Optimize and save on provisioned storage space in virtualized environment

Before i often over-provisioned the needed storage for VM.

For example for AWS and other cloud services it’s common place to be charged per gigabytes of used EBS and similar storages (for Mongolian iTools, Mobicom and others usually you are charged by subscription plans so it’s unavoidable to pay for not used disk space). Generally it’s not recommended to provision storage space more than necessary. Surely it’s OK to have a reasonable free space for your VMs, but not too much (for example it’s still very common to see created VM which utilize only 3-5% of huge vmdk/AWS EBS and so on)

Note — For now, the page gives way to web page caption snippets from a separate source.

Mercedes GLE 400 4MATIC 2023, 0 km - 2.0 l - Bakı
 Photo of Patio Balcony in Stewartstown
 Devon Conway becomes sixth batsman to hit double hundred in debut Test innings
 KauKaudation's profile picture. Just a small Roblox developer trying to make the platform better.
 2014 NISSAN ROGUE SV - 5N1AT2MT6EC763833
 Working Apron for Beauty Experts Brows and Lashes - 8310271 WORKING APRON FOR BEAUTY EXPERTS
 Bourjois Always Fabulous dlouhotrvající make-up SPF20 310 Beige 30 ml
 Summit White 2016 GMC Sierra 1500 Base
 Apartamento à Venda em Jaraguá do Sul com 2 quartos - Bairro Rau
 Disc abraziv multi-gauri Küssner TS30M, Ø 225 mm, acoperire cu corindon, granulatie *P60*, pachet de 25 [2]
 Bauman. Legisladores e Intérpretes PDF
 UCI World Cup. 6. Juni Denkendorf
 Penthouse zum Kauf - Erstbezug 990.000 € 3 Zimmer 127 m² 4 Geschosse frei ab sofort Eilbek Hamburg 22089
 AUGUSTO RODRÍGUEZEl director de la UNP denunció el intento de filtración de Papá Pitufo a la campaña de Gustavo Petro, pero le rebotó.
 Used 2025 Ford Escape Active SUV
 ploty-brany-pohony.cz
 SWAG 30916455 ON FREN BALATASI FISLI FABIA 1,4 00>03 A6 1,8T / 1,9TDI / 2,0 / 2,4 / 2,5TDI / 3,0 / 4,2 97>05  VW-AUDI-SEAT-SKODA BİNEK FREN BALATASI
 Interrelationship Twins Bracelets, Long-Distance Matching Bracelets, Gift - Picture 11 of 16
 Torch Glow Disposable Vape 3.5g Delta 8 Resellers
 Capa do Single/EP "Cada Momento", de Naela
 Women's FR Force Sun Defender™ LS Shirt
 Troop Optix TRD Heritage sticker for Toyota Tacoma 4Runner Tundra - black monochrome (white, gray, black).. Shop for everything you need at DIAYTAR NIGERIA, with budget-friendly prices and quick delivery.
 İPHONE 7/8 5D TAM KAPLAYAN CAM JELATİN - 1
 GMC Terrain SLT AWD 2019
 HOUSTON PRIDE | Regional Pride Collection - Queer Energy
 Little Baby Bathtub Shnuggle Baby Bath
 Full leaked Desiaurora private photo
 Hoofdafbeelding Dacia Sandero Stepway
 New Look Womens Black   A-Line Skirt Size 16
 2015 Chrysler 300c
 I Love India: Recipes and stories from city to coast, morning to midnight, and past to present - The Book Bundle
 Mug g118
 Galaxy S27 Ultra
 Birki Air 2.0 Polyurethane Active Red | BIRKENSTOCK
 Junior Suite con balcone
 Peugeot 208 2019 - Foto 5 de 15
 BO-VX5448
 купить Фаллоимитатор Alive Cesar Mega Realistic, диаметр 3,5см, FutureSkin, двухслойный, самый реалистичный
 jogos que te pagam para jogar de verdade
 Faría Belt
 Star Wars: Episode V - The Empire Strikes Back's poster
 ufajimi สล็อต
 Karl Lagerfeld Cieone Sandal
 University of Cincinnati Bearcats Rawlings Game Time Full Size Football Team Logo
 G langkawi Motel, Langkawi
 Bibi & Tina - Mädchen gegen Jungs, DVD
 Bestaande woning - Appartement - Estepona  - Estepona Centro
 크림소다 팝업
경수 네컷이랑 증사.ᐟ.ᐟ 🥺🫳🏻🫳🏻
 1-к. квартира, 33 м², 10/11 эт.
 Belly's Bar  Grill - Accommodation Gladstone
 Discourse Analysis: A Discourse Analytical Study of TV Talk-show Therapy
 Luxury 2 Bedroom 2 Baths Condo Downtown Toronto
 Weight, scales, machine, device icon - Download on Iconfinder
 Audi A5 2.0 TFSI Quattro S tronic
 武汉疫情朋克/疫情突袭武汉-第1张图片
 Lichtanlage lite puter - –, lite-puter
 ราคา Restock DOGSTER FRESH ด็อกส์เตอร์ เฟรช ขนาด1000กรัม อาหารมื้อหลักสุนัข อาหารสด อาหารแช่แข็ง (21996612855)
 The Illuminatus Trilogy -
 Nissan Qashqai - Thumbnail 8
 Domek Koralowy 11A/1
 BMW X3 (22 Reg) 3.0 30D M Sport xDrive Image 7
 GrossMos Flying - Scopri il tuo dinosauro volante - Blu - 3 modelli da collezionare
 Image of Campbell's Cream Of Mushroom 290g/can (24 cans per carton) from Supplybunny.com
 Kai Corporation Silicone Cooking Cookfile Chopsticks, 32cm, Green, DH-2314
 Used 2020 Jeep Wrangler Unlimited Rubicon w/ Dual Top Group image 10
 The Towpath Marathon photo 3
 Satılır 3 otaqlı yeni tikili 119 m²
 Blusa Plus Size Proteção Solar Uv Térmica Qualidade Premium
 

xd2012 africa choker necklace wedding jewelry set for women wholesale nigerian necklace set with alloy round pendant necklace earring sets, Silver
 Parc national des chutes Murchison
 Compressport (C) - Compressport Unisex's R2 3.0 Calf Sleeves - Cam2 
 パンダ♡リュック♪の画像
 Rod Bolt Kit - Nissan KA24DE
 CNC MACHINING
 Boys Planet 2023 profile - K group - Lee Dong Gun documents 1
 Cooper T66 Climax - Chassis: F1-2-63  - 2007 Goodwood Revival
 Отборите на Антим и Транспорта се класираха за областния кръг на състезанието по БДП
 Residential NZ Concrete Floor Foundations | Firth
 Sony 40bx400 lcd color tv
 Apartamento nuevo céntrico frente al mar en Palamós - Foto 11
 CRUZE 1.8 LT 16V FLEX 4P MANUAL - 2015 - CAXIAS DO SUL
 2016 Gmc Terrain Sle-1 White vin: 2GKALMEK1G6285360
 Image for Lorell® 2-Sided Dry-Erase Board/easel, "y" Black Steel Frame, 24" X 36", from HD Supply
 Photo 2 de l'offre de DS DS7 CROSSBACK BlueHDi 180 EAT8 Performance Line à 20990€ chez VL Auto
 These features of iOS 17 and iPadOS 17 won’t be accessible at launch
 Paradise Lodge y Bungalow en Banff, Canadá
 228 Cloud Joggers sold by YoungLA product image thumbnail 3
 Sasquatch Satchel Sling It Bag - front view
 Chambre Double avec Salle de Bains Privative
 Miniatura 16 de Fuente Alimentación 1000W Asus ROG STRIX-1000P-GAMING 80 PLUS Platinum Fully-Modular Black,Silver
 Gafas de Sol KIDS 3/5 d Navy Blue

The same “generosity” is true for company data centers with expensive SAN storages (as for physical servers and as well for virtual machines on VMware/Hyper-V). For Windows VM Servers it’s very transparent and easy to expand at first SAN LUN, later re-scanning and expanding vmware datastore, later manually changing size of vmdk, and in the last C/D disks re-scan and expanding disk from Disk Manager online without rebooting of guest OS. Mainly above mistake is often seen for Linux/UNIX VM or physical servers. And in my opinion the core reason is the lack of understanding LVM. Too many VM are deployed without any consideration about future maintenance and scaling. In other words without planning and storage design. For windows administrators LVM could be considered as the same conception as Dynamic Disks, without conversion of ordinary disk into Dynamic Disks you cannot create windows software RAIDs – the same purpose is for LVM, but in UNIX and linux.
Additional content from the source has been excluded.